- Authorities plan for anticipated tensions
- "Freedom of expression is a constitutional right," the Sheriff's Office says
- However, raising your hand is not, authorities warn
Florida authorities have a message as the verdict in the George Zimmerman trial looms: raise your voice, not your hands.
Anticipating that the outcome of the very public, and racially-tinged, case is likely to disappoint one swath of the population or another, law enforcement agencies have set up a response plan.
Part of it is a public service announcement that the Broward County Sheriff's Office released this week.

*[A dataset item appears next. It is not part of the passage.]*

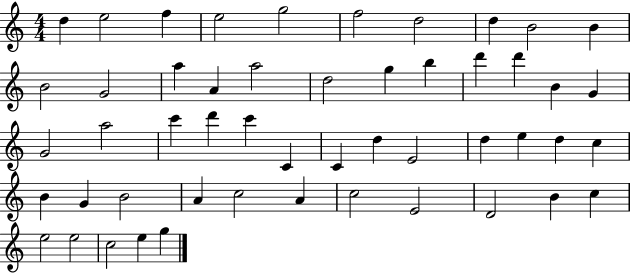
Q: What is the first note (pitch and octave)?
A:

In it, a black teenage boy and a Hispanic girl urge viewers to "stand together as one. No cuffs, no guns."
Zimmerman is a white Hispanic who is on trial for last year's shooting death of Trayvon Martin, a black teen, in Sanford city. Sanford is in Seminole County.
He is charged with second-degree murder, and says he acted in self-defense. Prosecutors are arguing he profiled the teen.
Millions of Americans have already made up their minds about what should happen. And no matter how the verdict falls, authorities worry passions will be inflamed.
That's where the video comes in -- a plea not to resort to violence.
"Freedom of expression is a constitutional right," the sheriff's office said. "While raising your voice is encouraged, using your hands is not."
In the video, the boy says, "Let's give violence a rest, because we can easily end up arrested."
The girl adds, "Let it roll off your shoulders. It's water off your back, don't lack composure. Because in one instant it could be over."
The case has triggered a nationwide debate about Florida's "Stand Your Ground" law, race and racial profiling.
"People care about gun rights. People care about race. People care about children. People care about the right to defend yourself," said CNN legal analyst Sunny Hostin. "And this case has all of them wrapped up together, and that's rare."
Zimmerman's lawyer, Mark O'Mara, told CNN's "Piers Morgan Live" that regardless of the outcome, his client will forever be looking over his shoulder:
"First of all, my client will never be safe, because there are a percentage of the population who are angry, they're upset, and they may well take it out on him," he said. "So, he'll never be safe."